Aleksandr Bogomoev Александр Богомоев

Personal information
- Native name: Александр Павлович Богомоев
- Full name: Aleksandr Pavlovich Bogomoev
- Born: November 17, 1989 (age 36) Ust-Ordynsky, Irkutsk Oblast, Russia
- Height: 1.61 m (5 ft 3 in)

Sport
- Country: Russia
- Sport: Wrestling
- Weight class: 61 kg
- Event: Freestyle
- Club: High school sports of Buryatia
- Coached by: Valery Ivanov, Lev Bardamov, Alexander Vilisov

Medal record
Men's freestyle wrestling
Representing Russia
European Games
| Gold medal – first place | 2015 Baku | 61 kg |
European Championships
| Gold medal – first place | 2020 Rome | 61 kg |
World Cup
| Gold medal – first place | 2011 Makhachkala | 60 kg |
| Silver medal – second place | 2014 Los Angeles | 61 kg |
Russian National Championships
| Gold medal – first place | 2016 Yakutsk | 57 kg |
| Gold medal – first place | 2015 Kaspiisk | 61kg |
| Gold medal – first place | 2014 Yakutsk | 61kg |
| Bronze medal – third place | 2012 St.Petersburg | 60kg |
| Bronze medal – third place | 2011 Yakutsk | 55kg |
Golden Grand Prix Ivan Yarygin
| Gold medal – first place | 2020 Krasnoyarsk | 61 kg |
| Gold medal – first place | 2015 Krasnoyarsk | 61 kg |
| Gold medal – first place | 2016 Krasnoyarsk | 57 kg |
| Silver medal – second place | 2011 Krasnoyarsk | 55 kg |
| Bronze medal – third place | 2018 Krasnoyarsk | 61 kg |
| Bronze medal – third place | 2012 Krasnoyarsk | 55 kg |
Golden Grand Prix Baku
| Bronze medal – third place | 2015 Baku | 61 kg |

= Aleksandr Bogomoev =

Russian freestyle wrestler (born 1989)

Aleksandr Pavlovich Bogomoev (Александр Павлович Богомоев; born 17 November 1989) is a Russian retired freestyle wrestler. 2011 World cup winner, 2015 European Games gold medalist and 2020 European champion. 3x Russian national champion.
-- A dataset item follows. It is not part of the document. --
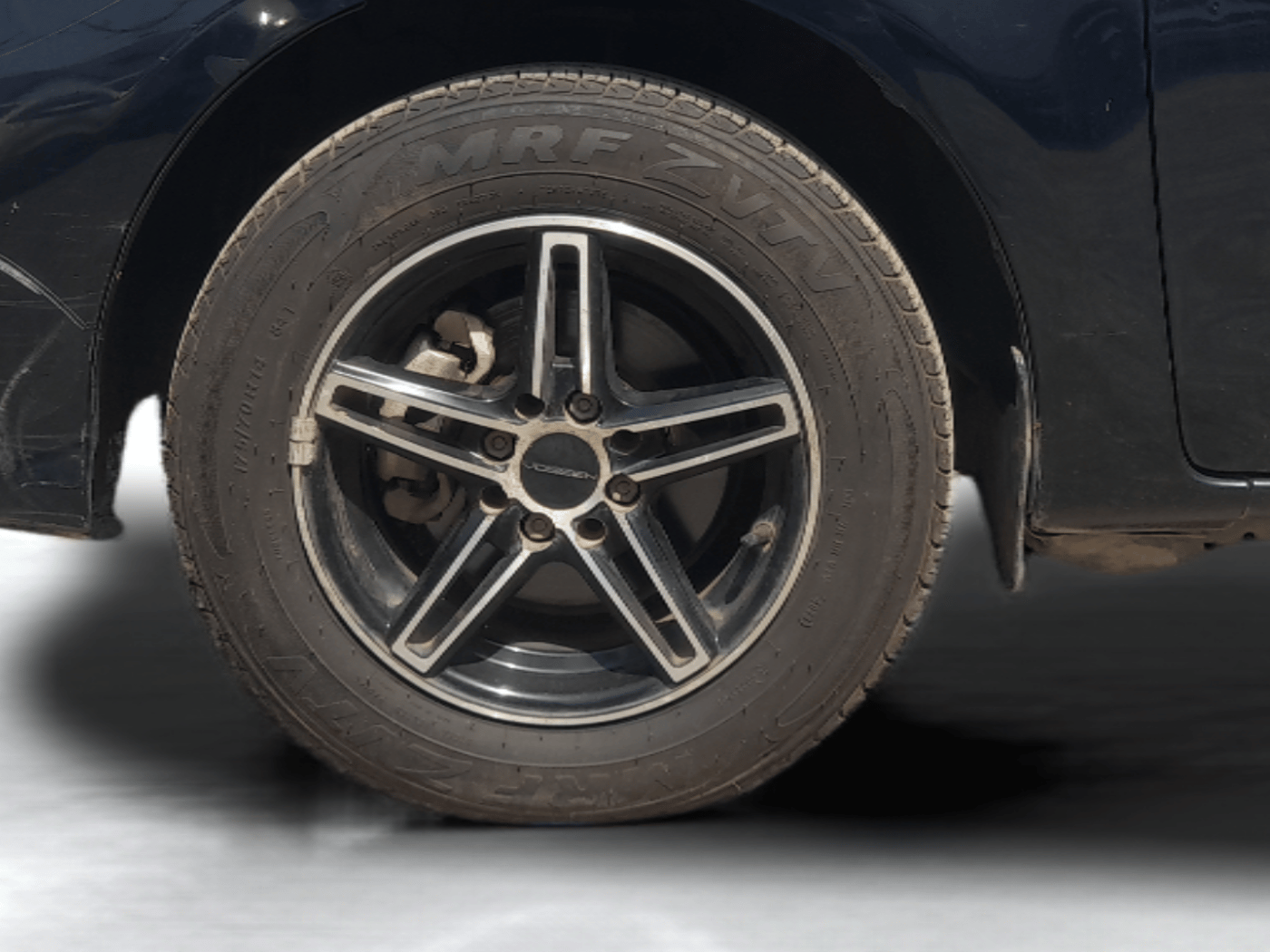 2019 Toyota Etios CROSS 1.2 G, Petrol, Manual, 72,091 km, Left Front Wheel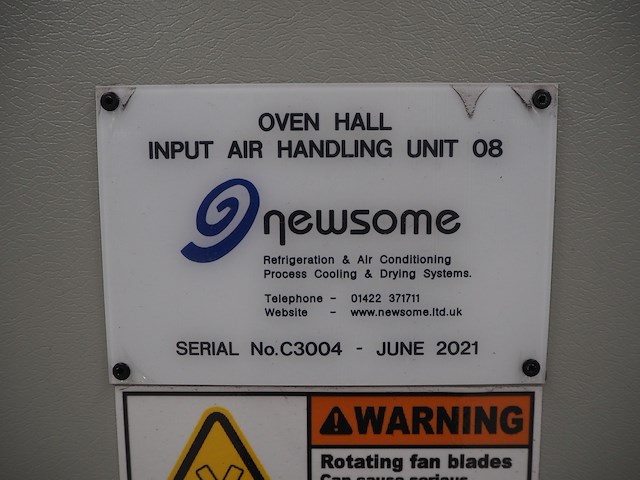 Newsome - afbeelding 10 van  11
He competed for the men's freestyle 61 kg at the World Wrestling Championships 2014 in Tashkent, Uzbekistan. He was eliminated in the quarterfinal rounds by Cuba's Yowlys Bonne.

He is a three-time winner of the Golden Grand Prix Ivan Yarygin (2015, 2016, 2020) and three-time Russian national champion (2014, 2015, 2016).

He is an international Master of Sports in freestyle wrestling.